Monday 18 December 2017

Sébastien-Roch Nicolas de Chamfort - "Charaktery i anegdoty"

Sébastien-Roch Nicolas de Chamfort - "Charaktery i anegdoty"

De Chamfort (1741 – 1794) – uważany przez współczesnych za następcę Woltera.
Tadeusz Boy – Żeleński w przedmowie "Od tłumacza" pisze o nim:
"...Protest Chamforta przeciw porządkowi społecznemu rozpoczął się — z jego urodzeniem. Był nieprawym synem, co więcej synem księdza. Urodzony w 1740 w pobliżu Clermont, ojca nie znał nigdy; matkę kochał z podwójną czułością. Oddany pod nazwiskiem Nicolas do kolegium jezuickiego, zdobywa wszystkie nagrody, w szczególności za łacińskie wiersze. Wychowawcy chcą go zatrzymać; namawiają go, aby został księdzem, wróżą świetną przyszłość; młody Nicolas odmawia — kocha życie, swobodę. Wyszedłszy z kolegium, klepie biedę, fabrykuje artykuły i kazania na sprzedaż, jest nauczycielem domowym; śliczny chłopiec rychło ściąga sympatię i zainteresowanie kobiet. „Myślicie, że to Adonis, a to Herkules”, mówi o nim z uznaniem jedna z dam. W owym płochym wieku osiemnastym, gdzie kobiety rządzą wszystkim, taka rekomendacja to los! Niestety, zachodzi fakt, który podcina życie młodzieńca: nabawia się choroby, która będzie go nękać, mimo iż z przerwami, całe życie, choroby upokarzającej, okrutnej, która każe mu stronić od tego, co sercu jego było najdroższe. Choroba ta, obok rany nieprawego urodzenia, to wielkie źródło mizantropii Chamforta....
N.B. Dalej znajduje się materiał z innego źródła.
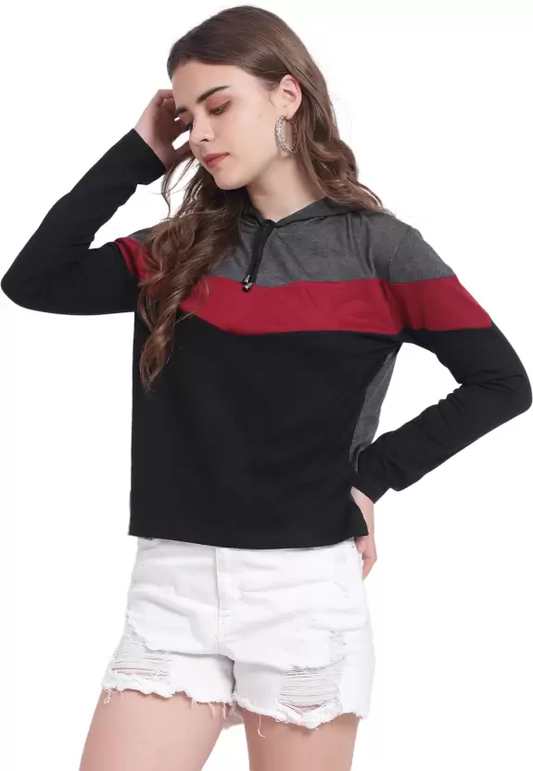 Women's Colorblock Hooded Cotton T-Shirt – Stylish | Comfortable | Everyday Essential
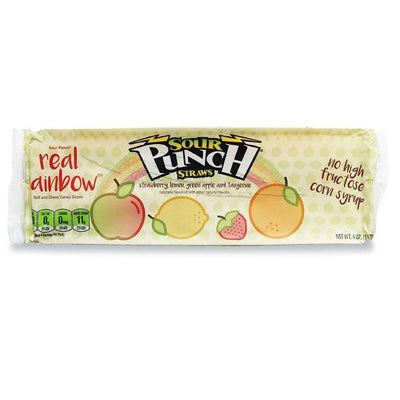 Sour Punch Straws, Real Rainbow, 4oz Tray, Front of Pack Image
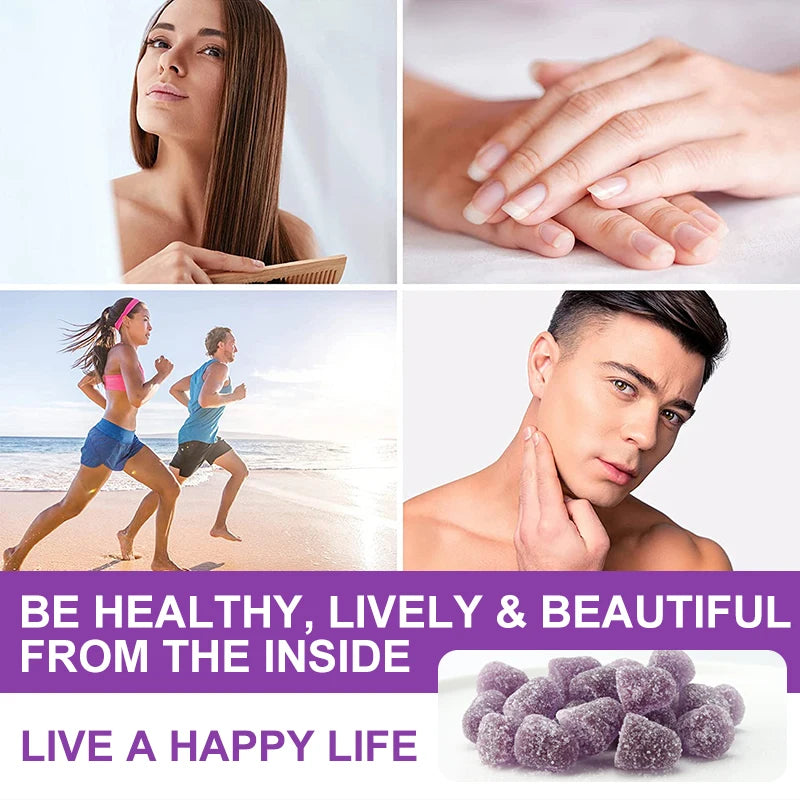 BEWORTHS Collagen Biotin Gummies Biotin for Hair Growth Strengthen Hair Roots & Nails Prevente Hair Loss Skin Care Beauty Health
...Żywszą pozostała owa część pośmiertnej spuścizny pisarza, którą zebrano pod tytułem 'Charaktery i anegdoty' i którą daję oto czytelnikom 'Biblioteki Boya'. Trudno o lepszy obraz epoki na tak szczupłej przestrzeni. Można by niemal rzec, że gdyby wszystko z owego schyłku XVIII wieku zaginęło, dało by się odtworzyć go sobie z tych anegdot Chamforta, równie celnie dobranych, jak świetnie zredagowanych. Król, dwór, duchowieństwo, wielki świat, kobiety, finanse, polityka, intrygi, fawory — wszystko przeplatane tą samą pesymistyczną filozofią, ale mniej tu nużącą, bo bardziej odżywioną faktem i rozjaśnioną dowcipem. Koniec epoki, ginący świat — i ginący sprawiedliwie! Ten tom anegdot stał się dokumentem; ten mały tomik uczynił Chamforta najczęściej cytowanym z autorów i dał mu faktyczną nieśmiertelność, której nie zdołałaby mu zapewnić tytularna nieśmiertelność akademicka...."
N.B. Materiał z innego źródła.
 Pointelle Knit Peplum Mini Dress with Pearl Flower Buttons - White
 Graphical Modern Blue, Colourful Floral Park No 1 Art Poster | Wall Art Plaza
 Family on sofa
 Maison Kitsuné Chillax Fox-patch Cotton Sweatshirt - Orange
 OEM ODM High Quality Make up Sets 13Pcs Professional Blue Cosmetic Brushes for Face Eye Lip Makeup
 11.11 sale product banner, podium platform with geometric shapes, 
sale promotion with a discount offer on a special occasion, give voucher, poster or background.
Po takim wstępie ograniczam swoją rolę do paru cytatów:
„Publiczność, publiczność.. ...ilu trzeba głupców, aby stworzyć publiczność?”
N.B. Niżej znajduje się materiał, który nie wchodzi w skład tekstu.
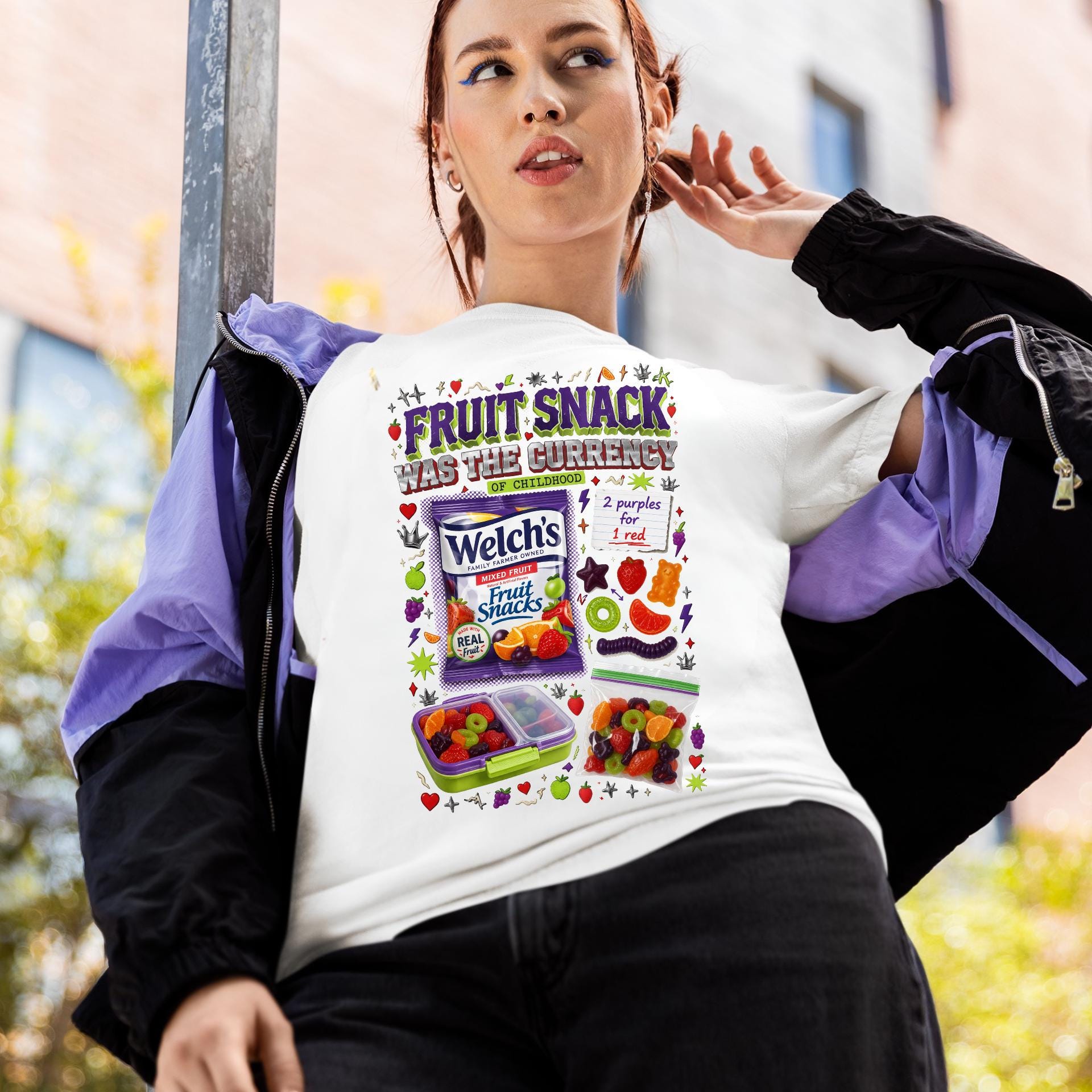 Fruit Snack Was The Currency T-Shirt | Retro Graphic Tee | Vintage Nostalgia Gift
„Miłość, powiadał N…, powinna być rozkoszą jedynie subtelnych dusz. Kiedy widzę ludzi pospolitych biorących się do kochania, mam ochotę powiedzieć: — Czego wy tutaj szukacie? Karty, żarcie, ambicja, to dla was, kanalie!”
„Moje pojęcia i zasady, powiadał N…, nie nadają się każdemu: to tak jak pewne lekarstwa, niebezpieczne dla wątłych natur, a bardzo zbawienne dla silnych”
„Trzeba, powiadał N…, schlebiać ludziom albo budzić w nich lęk. To są małpy, które skaczą tylko w nadziei orzecha, albo z obawy bata”
"...ludzie rozumni popełniają wiele błędów przez to, że nigdy nie mają innych za dość głupich, za tak głupich jak są"
„Czytałem gdzieś, że nie ma nic gorszego dla ludów, niż zbyt długie panowanie. Słyszę, że Bóg jest wieczny; to wszystko tłumaczy”
Pewien mąż mówił do żony o jej kochanku: „Ten człowiek ma prawa do ciebie, ubliżył ci w mojej obecności, tego nie ścierpię. Niech cię maltretuje, kiedy jesteście sami; ale w mojej obecności, to mnie ubliża”.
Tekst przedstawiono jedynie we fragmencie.